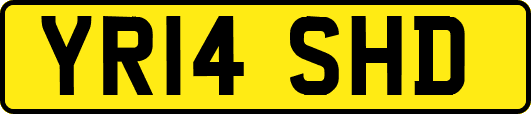 YR14SHD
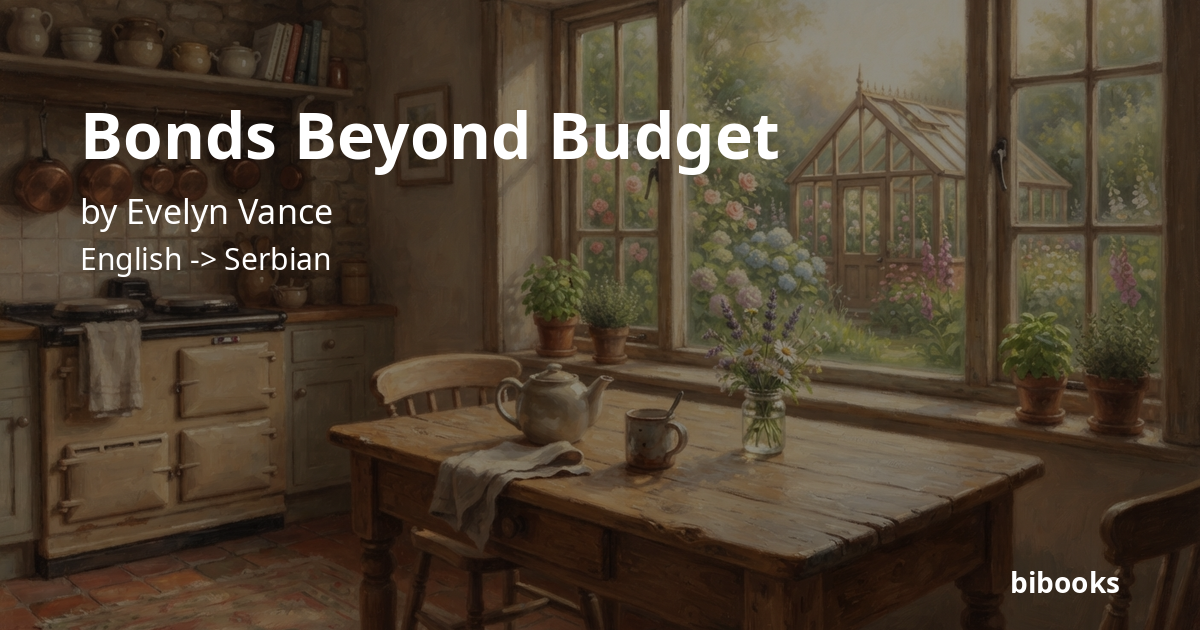 Bonds Beyond Budget
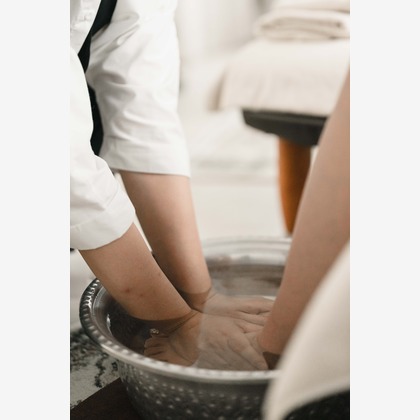 山﨑さと子が撮影したウェディングや家族、ビジネスの写真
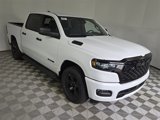 New 2025 RAM 1500 Tradesman w/ Night Edition image 2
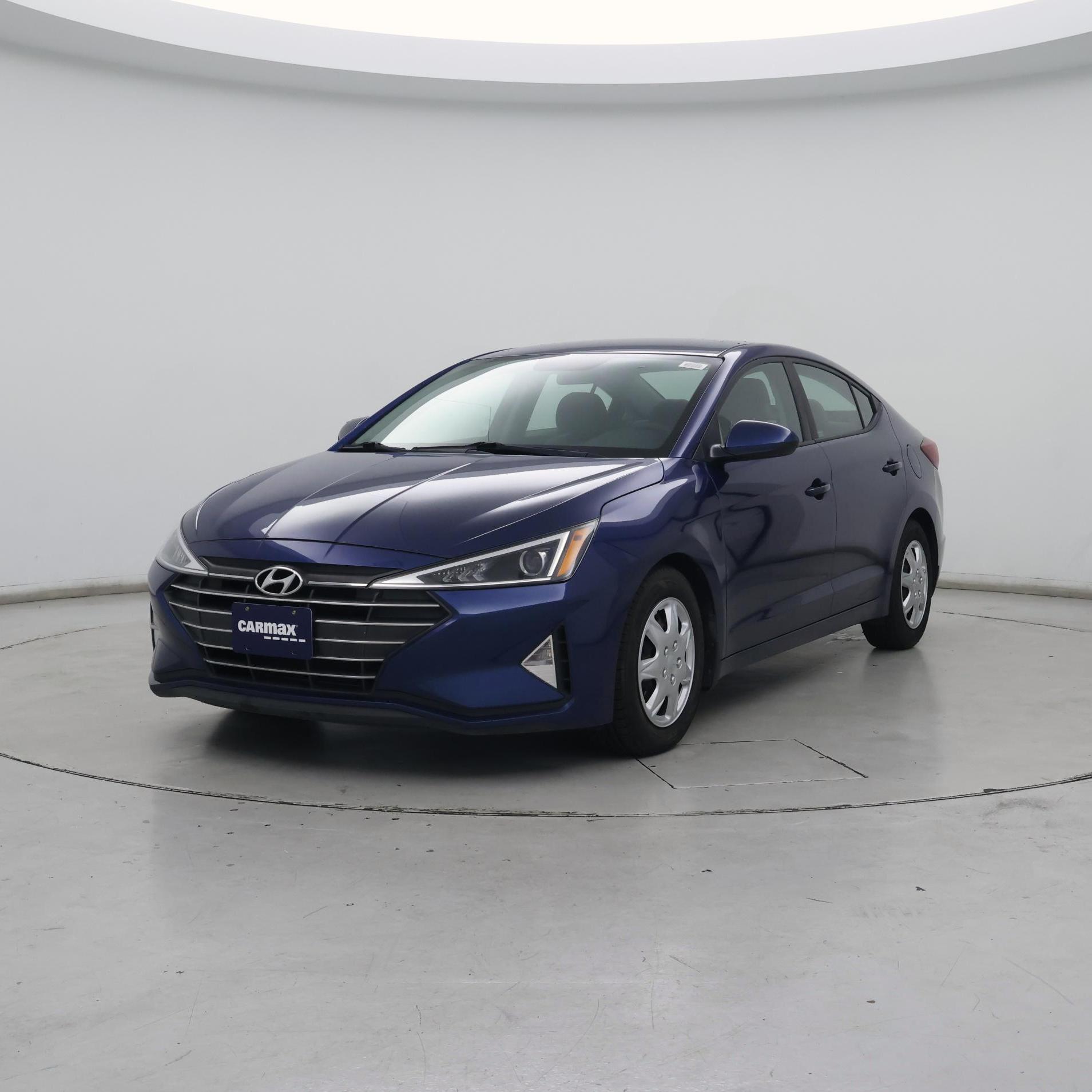 Thumbnail: 2019 Hyundai Elantra - 4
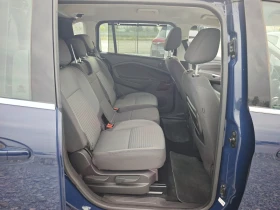 Ford Grand C-Max 1.5i 150к.с автоматик, снимка 12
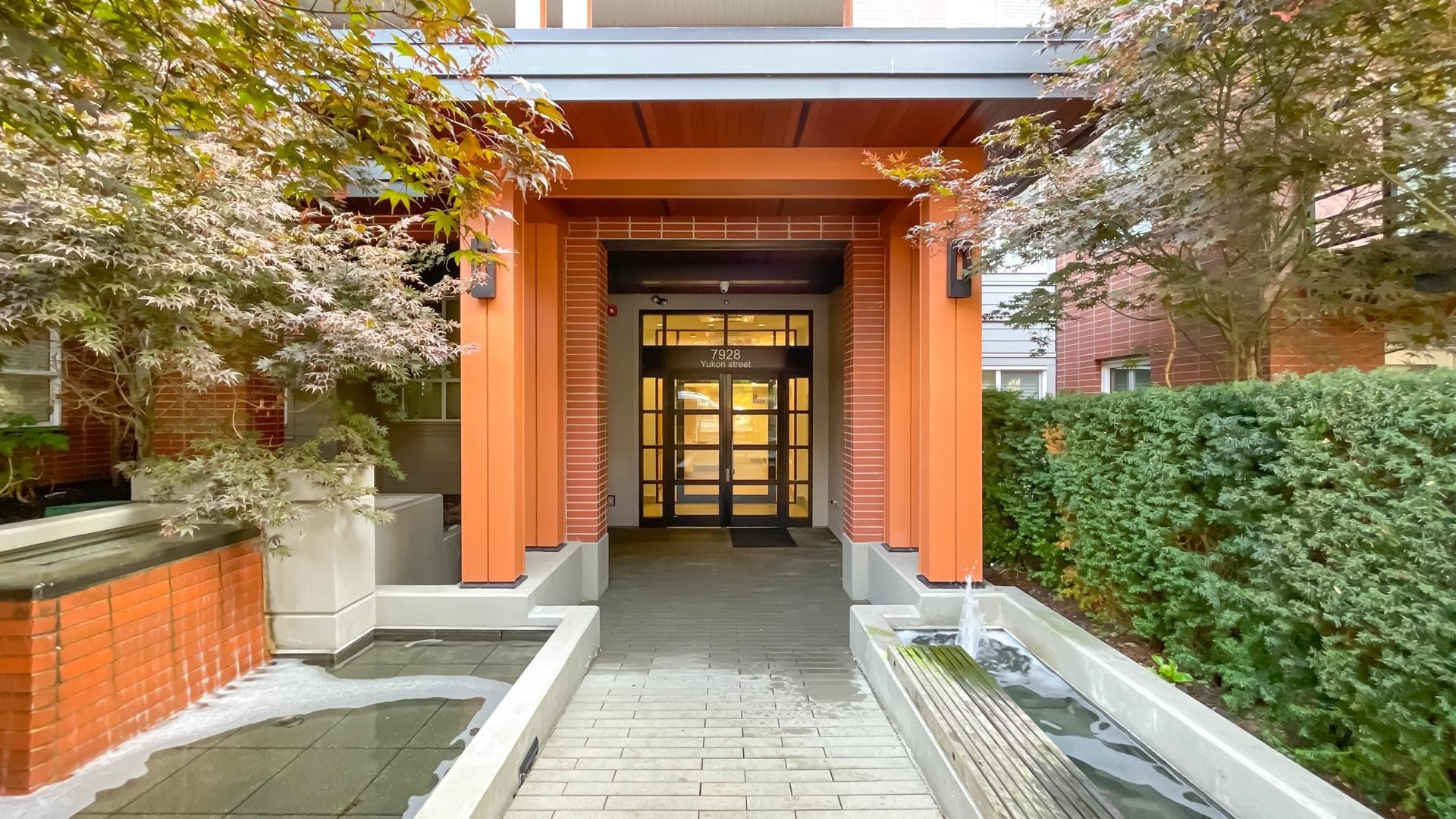 110 - 7928 Yukon Street, Vancouver, V5X 2Y7 — photo 2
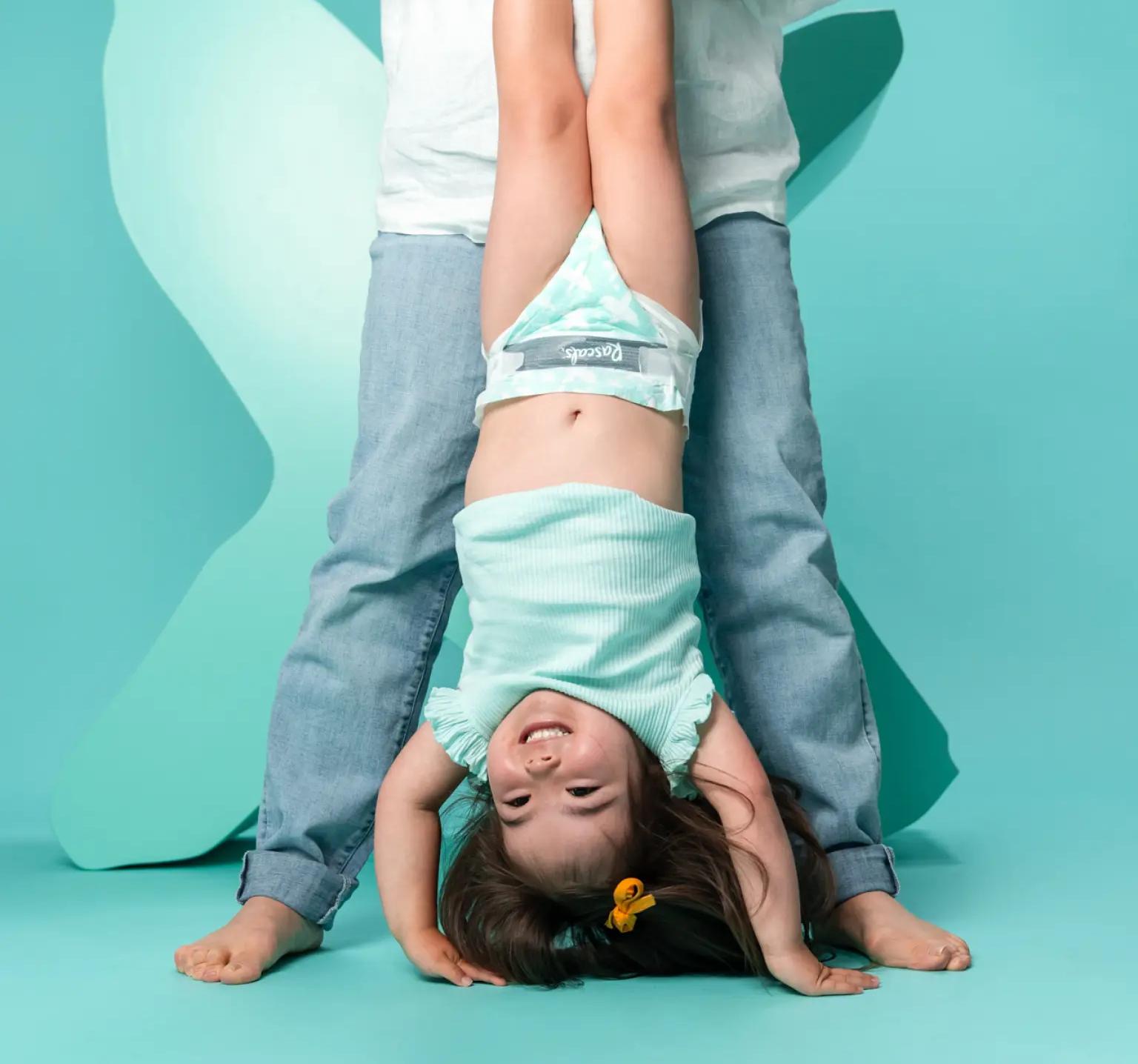 Rascals Premium Diapers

- **Problem description**
Set down, in exact form, only the lines that start at the one containing "Ford Grand C-Max" and finish at the last line of the material; pictures do not go in.

- **Written answer**
 Ford Grand C-Max 1.5i 150к.с автоматик, снимка 12
 110 - 7928 Yukon Street, Vancouver, V5X 2Y7 — photo 2
 Rascals Premium Diapers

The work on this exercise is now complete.